### Data extract ###

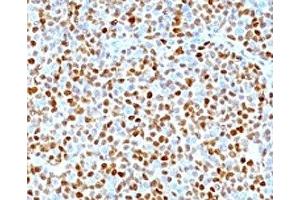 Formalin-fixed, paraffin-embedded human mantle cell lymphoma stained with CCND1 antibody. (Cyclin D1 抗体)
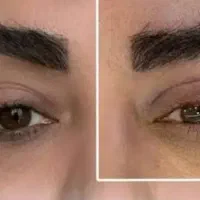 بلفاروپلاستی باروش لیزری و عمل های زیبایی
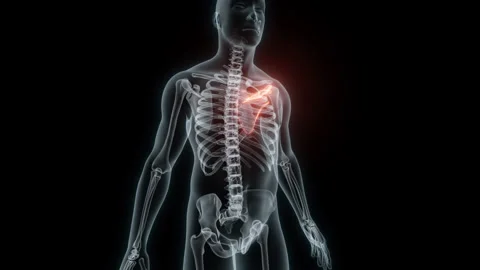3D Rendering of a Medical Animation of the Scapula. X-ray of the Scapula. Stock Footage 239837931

###
### Data extract ###

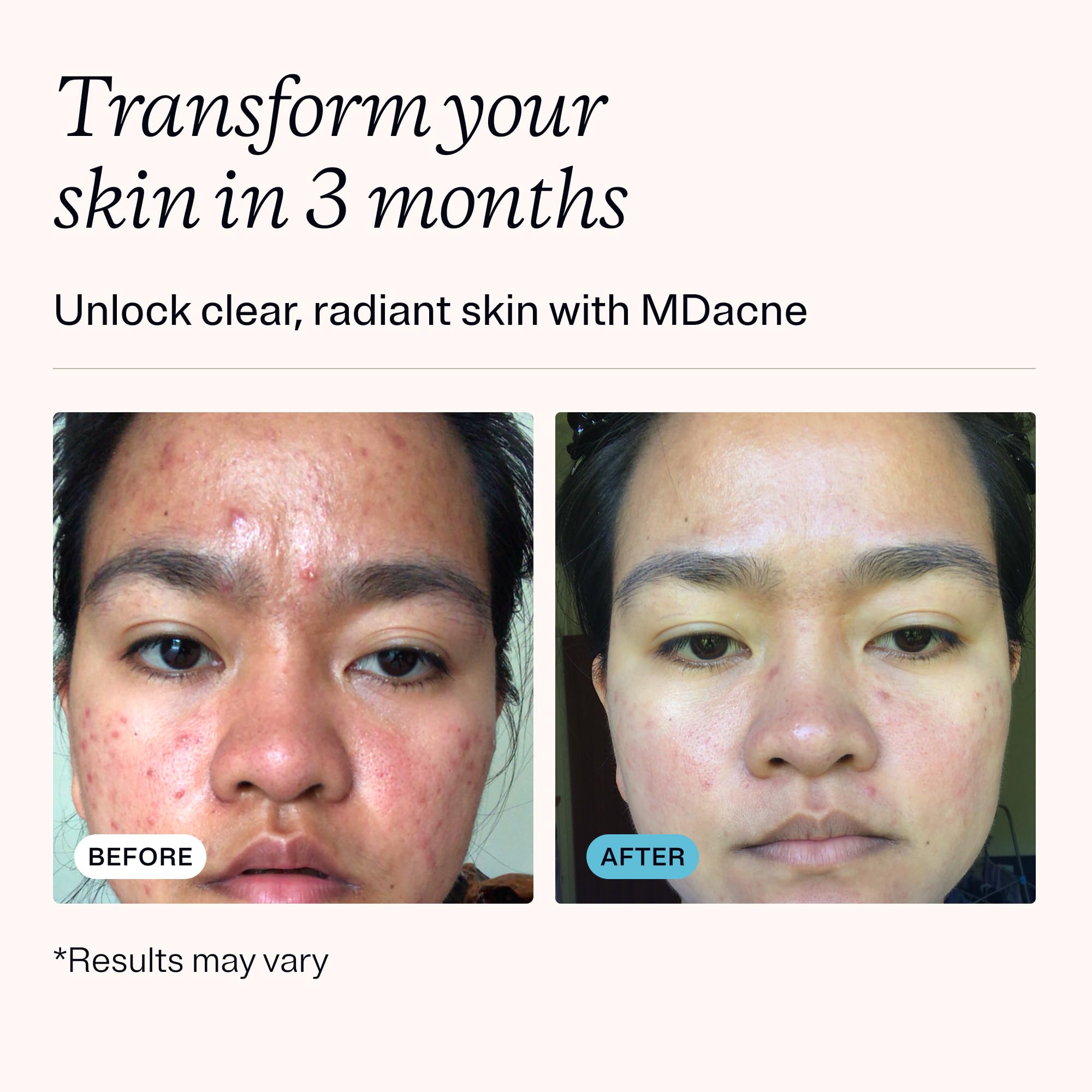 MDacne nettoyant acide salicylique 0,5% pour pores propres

###
### Data extract ###

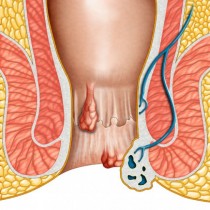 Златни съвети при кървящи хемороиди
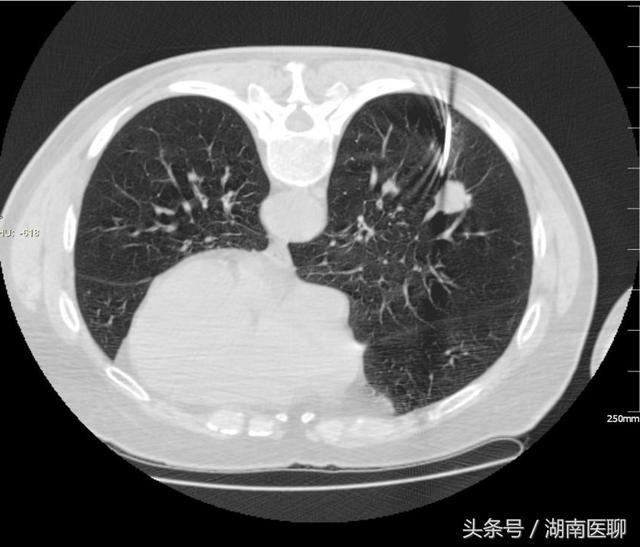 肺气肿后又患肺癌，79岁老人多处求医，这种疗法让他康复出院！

###

#### [Task details]
Go to the line above holding "بلفاروپلاستی باروش لیزری و عمل های زیبایی", then copy exactly each line down to and including the one holding "3D Rendering of", leaving pictures out.

#### [Finished task]
 بلفاروپلاستی باروش لیزری و عمل های زیبایی
3D Rendering of a Medical Animation of the Scapula. X-ray of the Scapula. Stock Footage 239837931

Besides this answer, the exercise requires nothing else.